Some basic networking definitions

• A computer network is an interconnected collection of autonomous computers.

• Computers are interconnected if they are capable of exchanging information. The connections can be over copper wire, radio frequencies, optical fibre, infra-red, satellite, microwaves, pigeons, barbed wire, wet string, a station wagon, or a sequence of these.

• Computers are autonomous if there is not a permanent master/slave relationship between them. Hence, a mainframe computer and its traditional peripherals do not constitute a computer network, but a desktop computer able to interogate a more modern printer does.

Logically (and more interesting and relevant, here), a network is the software which connects and secures the computers their data, and services.

Why do users value computer networks?

• Users can access and create shared, distributed and replicated data; (e.g. the WWW, online shopping, B2B, government information services, ...) from a variety of locations, including mobile and wireless services.

• Streamed entertainment services, movies by subscription, 'catch-up' television, music...

• Users can have their own (limited) computer and access shared and possibly distant physical resources (e.g. a local printer, cloud-based applications and services, cloud-based backup, local NAS music server).

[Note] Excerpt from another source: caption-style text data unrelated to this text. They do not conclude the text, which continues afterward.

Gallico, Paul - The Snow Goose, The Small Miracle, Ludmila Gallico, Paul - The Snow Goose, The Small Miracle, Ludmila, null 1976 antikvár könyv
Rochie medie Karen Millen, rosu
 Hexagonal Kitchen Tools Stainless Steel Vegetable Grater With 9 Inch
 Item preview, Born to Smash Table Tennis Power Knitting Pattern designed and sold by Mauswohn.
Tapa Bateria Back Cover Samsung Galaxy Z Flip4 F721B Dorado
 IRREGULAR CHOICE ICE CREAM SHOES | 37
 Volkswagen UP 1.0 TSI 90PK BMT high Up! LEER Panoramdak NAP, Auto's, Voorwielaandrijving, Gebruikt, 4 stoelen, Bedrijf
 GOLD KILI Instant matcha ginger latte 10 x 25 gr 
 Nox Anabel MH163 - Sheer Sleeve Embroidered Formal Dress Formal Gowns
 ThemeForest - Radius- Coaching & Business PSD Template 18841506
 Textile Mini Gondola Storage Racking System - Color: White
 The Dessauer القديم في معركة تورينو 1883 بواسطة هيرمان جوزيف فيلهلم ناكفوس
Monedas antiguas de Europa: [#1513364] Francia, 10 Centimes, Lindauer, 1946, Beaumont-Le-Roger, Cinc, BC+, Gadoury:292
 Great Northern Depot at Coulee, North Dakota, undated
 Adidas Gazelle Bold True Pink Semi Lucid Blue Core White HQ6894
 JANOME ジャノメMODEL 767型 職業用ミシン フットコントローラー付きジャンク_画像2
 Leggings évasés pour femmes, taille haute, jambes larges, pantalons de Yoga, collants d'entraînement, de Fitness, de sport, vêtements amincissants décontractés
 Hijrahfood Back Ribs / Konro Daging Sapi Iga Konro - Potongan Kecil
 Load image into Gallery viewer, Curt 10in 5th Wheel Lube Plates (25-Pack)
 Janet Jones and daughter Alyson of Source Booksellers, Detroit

• Networks can provide fault tolerance and load balancing - if some hardware fails or network connectivity is intermittent, then logical shadowing and delay-tolerant networking enables data recovery and continued performance (again, cloud-based services are good examples).

• Permit centralized facilties - user-administration and file-management, windowing systems, remote desktops, distributed file services with versioning, and tasks to minimize administration of these services.

• Permit remote collaboration - instant messaging, group collaboration and communication (e.g. MS-Teams, Zoom), software development with continuous integration.

Research interests and networking

The combination of some significant problems provides a very rich body of investigation, some deep theoretical problems, and some important research results passed on to industry.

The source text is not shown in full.